Deshalb tendiere ich wie viele meiner AlterskollegInnen dazu, mich um Jahre bis Jahrzehnte jünger zu fühlen. Meistens. Und dann passieren aber Dinge, die mich zum Nachdenken bringen...
Zum Beispiel, wenn ich einen Verflossenen aus längst vergangenen Tagen nach Ewigkeiten wieder treffe, ihn frage, wie es ihm denn so geht, und als geseufzte Antwort bekomme: "Naja, es muss halt gehen." Huch! Wo ist der Esprit, wo die Lebenslust? Es fällt mir zwar ein, dass ich damals (lang, lang ist's her...) nächtelang auf seine schmerzende, sitzunwillige Wirbelsäule Rücksicht nehmend in Bars rumgestanden bin und sehnsüchtig nach den freien Sitzen geschielt habe. Aber ein Schock ist es trotzdem, wenn man diesem in sich zusammengesunkenen, traurigen alten Mann nachschaut.
Heute hat sich wieder so ein Schreckensmoment über mich ausgebreitet, als ich einen Freund aus mittleren Jugendzeiten (von heute aus gesehen...) an der Bushaltestelle erspähte. Die Figur zerflossen und das ehedem füllige Haar zu zarten, mühsam um den Kopf gewundenen Strähnchen verkommen. Über diese Art der Unfrisur hatten wir doch "damals" gemeinsam gelästert! Außerdem hat sich das Größenverhältnis umgedreht: Einstens überragte er mich um mindestens einen Kopf, jetzt ist mir dieses Privileg zugefallen.
à propos Kopf: Ich wüßte ja zu gern, was sich in den Köpfen jener, deren Zustand ich hier nicht gerade liebevoll beschreibe, angesichts meines Anblicks tut. Wahrscheinlich, so fürchte ich, Ähnliches. Auch ich war einmal jünger, man möchte es nicht glauben.
Üblicher Weise breitet sich im Gespräch mit Älteren die Gnade der Höflichkeit und manchmal auch der glatten Lüge aus. "Gut schaust Du aus" strömt da ohne Widerstand aus manchem Mund - egal, wie katastrophal die jeweilige, bestens ablesbare Tagesverfassung auch sein möge.

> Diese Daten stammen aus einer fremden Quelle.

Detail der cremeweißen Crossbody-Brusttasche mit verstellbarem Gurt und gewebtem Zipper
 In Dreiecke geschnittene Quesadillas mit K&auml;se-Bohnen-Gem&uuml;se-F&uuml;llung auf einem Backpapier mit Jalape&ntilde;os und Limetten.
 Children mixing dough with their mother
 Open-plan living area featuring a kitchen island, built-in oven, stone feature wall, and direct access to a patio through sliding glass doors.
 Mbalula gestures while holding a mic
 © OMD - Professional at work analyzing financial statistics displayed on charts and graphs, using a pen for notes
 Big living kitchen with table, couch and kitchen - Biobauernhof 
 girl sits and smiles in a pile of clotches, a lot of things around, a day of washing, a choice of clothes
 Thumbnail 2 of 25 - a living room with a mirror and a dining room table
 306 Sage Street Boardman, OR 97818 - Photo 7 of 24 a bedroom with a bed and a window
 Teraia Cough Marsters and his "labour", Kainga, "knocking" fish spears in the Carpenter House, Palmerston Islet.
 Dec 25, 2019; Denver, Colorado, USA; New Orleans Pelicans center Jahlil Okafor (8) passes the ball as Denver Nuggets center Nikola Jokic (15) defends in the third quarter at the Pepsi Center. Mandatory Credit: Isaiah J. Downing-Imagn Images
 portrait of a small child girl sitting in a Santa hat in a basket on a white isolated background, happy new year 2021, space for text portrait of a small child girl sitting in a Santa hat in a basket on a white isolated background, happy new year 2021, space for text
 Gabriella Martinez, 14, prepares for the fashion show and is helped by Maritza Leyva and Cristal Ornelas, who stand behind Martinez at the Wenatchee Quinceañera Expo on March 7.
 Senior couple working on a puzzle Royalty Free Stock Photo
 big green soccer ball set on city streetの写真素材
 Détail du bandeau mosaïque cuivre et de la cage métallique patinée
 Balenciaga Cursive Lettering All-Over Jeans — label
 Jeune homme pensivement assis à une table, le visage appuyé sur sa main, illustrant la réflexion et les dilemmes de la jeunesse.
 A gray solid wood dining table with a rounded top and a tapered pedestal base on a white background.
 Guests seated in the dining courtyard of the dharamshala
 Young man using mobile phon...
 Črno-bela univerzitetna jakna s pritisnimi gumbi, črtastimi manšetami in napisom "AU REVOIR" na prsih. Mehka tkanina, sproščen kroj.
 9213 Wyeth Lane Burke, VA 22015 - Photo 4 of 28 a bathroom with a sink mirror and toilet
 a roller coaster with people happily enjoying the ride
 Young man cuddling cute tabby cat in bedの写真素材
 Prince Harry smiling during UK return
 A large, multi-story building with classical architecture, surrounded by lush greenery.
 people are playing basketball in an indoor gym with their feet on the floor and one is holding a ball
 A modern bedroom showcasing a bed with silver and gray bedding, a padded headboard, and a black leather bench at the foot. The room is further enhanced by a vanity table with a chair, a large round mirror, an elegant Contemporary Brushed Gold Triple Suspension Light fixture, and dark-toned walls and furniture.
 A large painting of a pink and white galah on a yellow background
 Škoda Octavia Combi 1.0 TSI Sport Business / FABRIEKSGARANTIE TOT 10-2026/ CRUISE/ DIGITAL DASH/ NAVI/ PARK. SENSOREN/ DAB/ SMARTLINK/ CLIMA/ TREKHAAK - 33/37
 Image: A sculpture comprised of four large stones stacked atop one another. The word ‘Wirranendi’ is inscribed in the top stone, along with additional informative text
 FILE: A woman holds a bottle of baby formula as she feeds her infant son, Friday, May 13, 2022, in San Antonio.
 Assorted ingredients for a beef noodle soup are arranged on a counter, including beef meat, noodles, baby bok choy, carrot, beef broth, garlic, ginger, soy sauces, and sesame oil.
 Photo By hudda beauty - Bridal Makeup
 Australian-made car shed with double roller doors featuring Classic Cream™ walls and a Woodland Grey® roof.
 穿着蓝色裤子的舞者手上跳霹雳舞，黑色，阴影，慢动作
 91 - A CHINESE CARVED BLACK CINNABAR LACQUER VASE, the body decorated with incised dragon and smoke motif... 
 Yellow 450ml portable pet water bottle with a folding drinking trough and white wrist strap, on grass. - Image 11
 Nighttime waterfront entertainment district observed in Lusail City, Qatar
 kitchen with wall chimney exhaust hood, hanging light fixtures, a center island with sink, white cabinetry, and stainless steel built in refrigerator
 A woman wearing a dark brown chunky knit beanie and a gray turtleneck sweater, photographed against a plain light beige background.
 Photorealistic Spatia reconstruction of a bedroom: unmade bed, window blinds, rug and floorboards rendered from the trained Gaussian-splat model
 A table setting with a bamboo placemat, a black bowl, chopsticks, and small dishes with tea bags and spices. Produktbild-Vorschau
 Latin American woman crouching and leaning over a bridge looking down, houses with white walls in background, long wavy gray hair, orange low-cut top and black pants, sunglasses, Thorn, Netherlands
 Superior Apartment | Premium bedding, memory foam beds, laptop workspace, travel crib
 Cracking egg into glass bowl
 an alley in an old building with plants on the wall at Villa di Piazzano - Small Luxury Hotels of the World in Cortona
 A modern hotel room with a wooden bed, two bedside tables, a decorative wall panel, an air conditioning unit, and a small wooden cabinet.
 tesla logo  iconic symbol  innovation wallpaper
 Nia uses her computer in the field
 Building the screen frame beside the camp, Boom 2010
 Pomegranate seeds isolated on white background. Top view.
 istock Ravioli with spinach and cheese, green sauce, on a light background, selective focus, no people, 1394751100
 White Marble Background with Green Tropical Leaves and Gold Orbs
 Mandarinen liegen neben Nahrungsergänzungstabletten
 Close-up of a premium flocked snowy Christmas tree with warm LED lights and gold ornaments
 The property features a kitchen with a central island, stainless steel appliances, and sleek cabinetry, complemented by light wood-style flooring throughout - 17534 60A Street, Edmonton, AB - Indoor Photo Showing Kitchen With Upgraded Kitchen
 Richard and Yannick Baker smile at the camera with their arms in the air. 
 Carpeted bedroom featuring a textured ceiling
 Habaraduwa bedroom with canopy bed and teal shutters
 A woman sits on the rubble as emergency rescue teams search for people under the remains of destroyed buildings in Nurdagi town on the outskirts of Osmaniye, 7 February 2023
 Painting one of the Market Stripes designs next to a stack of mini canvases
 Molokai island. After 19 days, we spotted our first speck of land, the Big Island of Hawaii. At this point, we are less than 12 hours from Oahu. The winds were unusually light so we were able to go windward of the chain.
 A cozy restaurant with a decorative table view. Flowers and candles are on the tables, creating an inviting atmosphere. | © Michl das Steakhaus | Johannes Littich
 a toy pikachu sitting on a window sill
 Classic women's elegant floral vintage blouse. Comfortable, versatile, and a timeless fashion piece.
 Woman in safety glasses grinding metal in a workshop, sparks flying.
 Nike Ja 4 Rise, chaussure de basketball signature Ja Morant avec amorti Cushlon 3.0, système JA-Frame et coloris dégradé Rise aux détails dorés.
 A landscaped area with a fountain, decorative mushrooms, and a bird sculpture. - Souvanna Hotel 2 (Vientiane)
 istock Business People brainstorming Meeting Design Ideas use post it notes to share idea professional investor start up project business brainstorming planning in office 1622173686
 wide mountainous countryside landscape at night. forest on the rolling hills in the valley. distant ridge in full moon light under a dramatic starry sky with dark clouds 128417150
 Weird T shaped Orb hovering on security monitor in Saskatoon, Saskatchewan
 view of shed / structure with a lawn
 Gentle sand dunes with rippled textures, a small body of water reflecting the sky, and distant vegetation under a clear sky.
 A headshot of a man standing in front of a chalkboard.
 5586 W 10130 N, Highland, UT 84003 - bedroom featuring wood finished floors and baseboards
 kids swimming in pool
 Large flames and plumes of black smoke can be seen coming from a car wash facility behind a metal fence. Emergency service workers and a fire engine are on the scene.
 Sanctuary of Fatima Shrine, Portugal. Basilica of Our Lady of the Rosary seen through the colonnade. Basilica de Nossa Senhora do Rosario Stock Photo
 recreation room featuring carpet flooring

Aber solches kommt absolut nicht aus allen Mündern. Zu meinem riesigen Vergnügen hat sich heute Folgendes abgespielt:
Ein flüchtiger Bekannter, den ich nur einmal in meinem Leben vor ein paar Jahren gesehen habe und der unwesentlich jünger ist als ich (was man ihm aber schon damals nicht angemerkt hat, die Reife kam früh über ihn...), hat mich angerufen. Offensichtlich weil er nach wie vor nicht fähig ist, die Nummern in seinem Handy samt Namen einzuspeichern, denn er wollte gar nicht mich erreichen.
Da er mich aber schon an der Strippe hatte, fragte er mich mit umwerfendem Charme: "Und, geht es Dir noch gut?" Bruhaha. Man kann ihm nicht vorwerfen, dass er sich ums Thema Altersfolgen herumschlängelt. Da ich schleunigst aus der unmittelbar auf meine flockig lockere Antwort folgenden Darlegung seines imaginiert jugendlichen Lebens entfliehen wollte, informierte ich ihn, dass ich gerade beim Photographieren und daher "leider" eher kurz angebunden sei. Und welche Antwort legt er mir daraufhin mit Bewunderung in der Stimme zu Füßen? "Ach, Du photographierst also noch!"
Das allzu laute Lachen konnte ich mühsam unterdrücken, aber ich musste leider lügen. Ich, die gerade gemütlich am brettlebenen (dtdt: eben wie ein Brett) Kai in die Stadt schlenderte und lediglich die leichte Steigung einer Brückenunterführung zu bewältigen hatte, behauptete, auf einer Bergwanderung zu sein, was ein weiteres Gespräch wirklich unmöglich mache. Diese sehr effiziente Lüge - er verfiel, da Flachländer, in Schockstarre - hörte ein gerade ebenfalls hochalpin vorbeischlendernder junger Mann und der grinste so keck, dass es ein Vergnügen war.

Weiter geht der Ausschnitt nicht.